■ Required work
An exact copy is required of every line from the one with "WeatherTech No-Drill Mud" through the end of the data below, and the pictures must stay out of it.

Stored data:
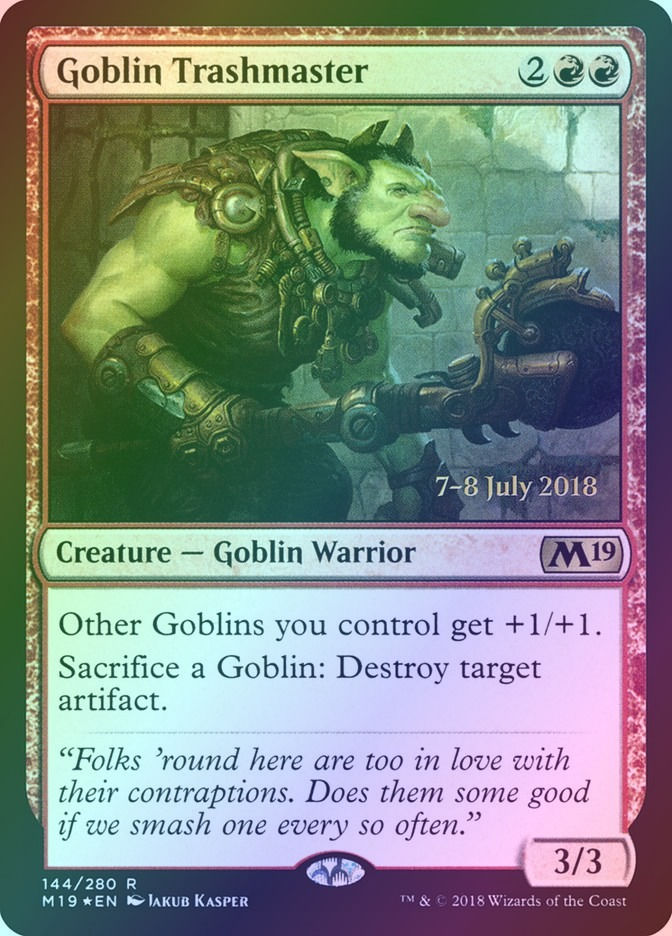 Goblin Trashmaster (PM19) (144s) / Foil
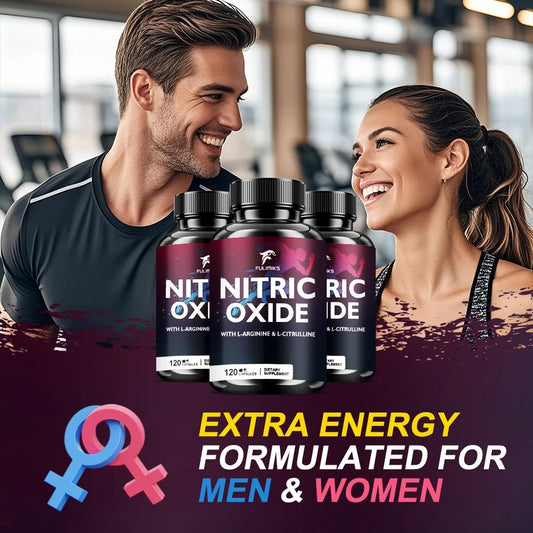 Nitric Oxide 120 Caps
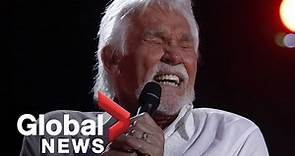 Country music legend Kenny Rogers dead at 81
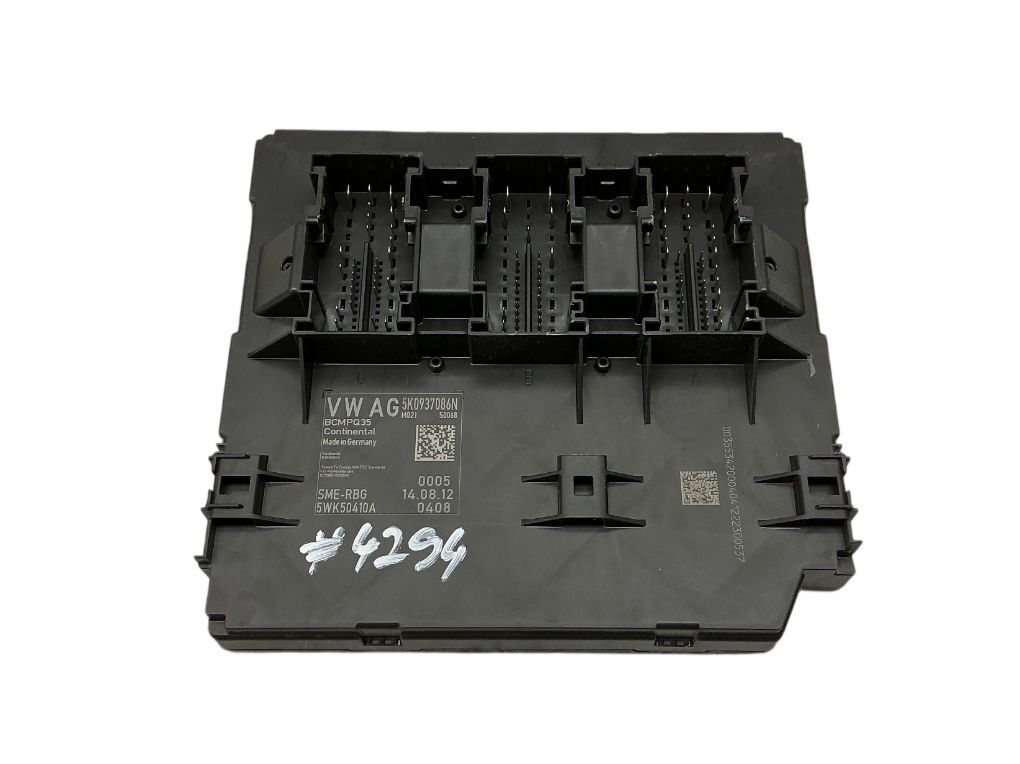 5K0937086N 5WK50410A Body control module (BCM) VW SHARAN II (7N) (2010-2022)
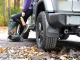 WeatherTech No-Drill Mud Flaps w/out OE flares - Front & Rear Set | RAM 2500/3500 (2019+)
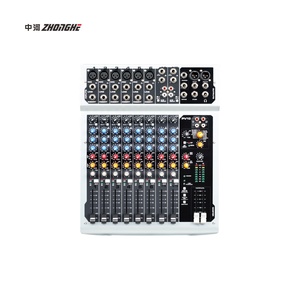 PV10プロフェッショナルオーディオミキサーレコーディングサウンドミキサー6チャンネルミキサー - Product Image 2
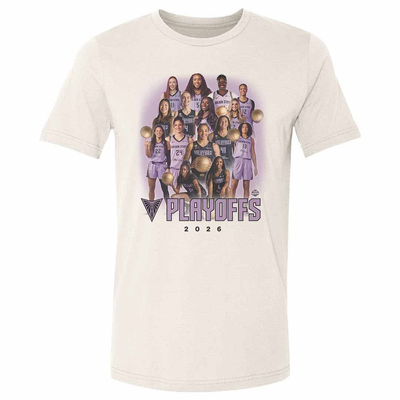 Golden State Valkyries 500 Level Roster T-Shirt - Natural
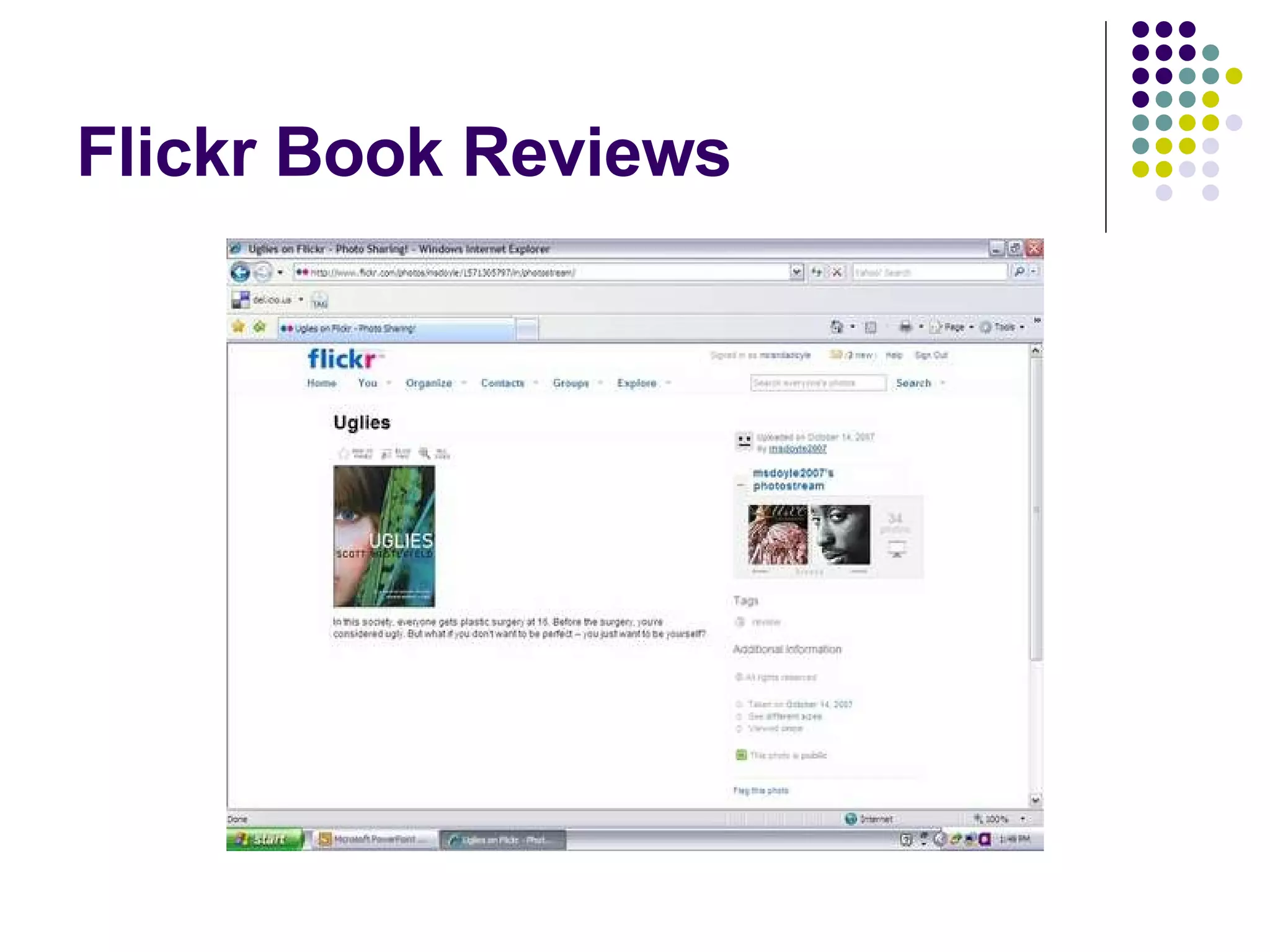 Flickr Book Reviews 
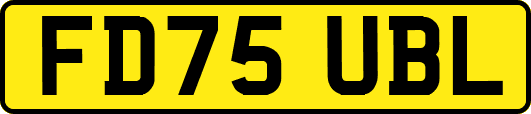 FD75UBL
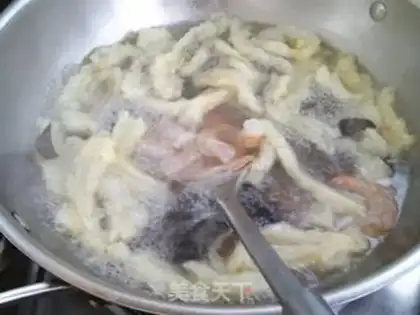 Make Shrimp fish step 6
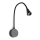 FARO 41030 - LED Flexible Lampe BEL LED/3W/230V schwarz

■ Answer area
 WeatherTech No-Drill Mud Flaps w/out OE flares - Front & Rear Set | RAM 2500/3500 (2019+)
 PV10プロフェッショナルオーディオミキサーレコーディングサウンドミキサー6チャンネルミキサー - Product Image 2
 Golden State Valkyries 500 Level Roster T-Shirt - Natural
 Flickr Book Reviews 
 FD75UBL
 Make Shrimp fish step 6
 FARO 41030 - LED Flexible Lampe BEL LED/3W/230V schwarz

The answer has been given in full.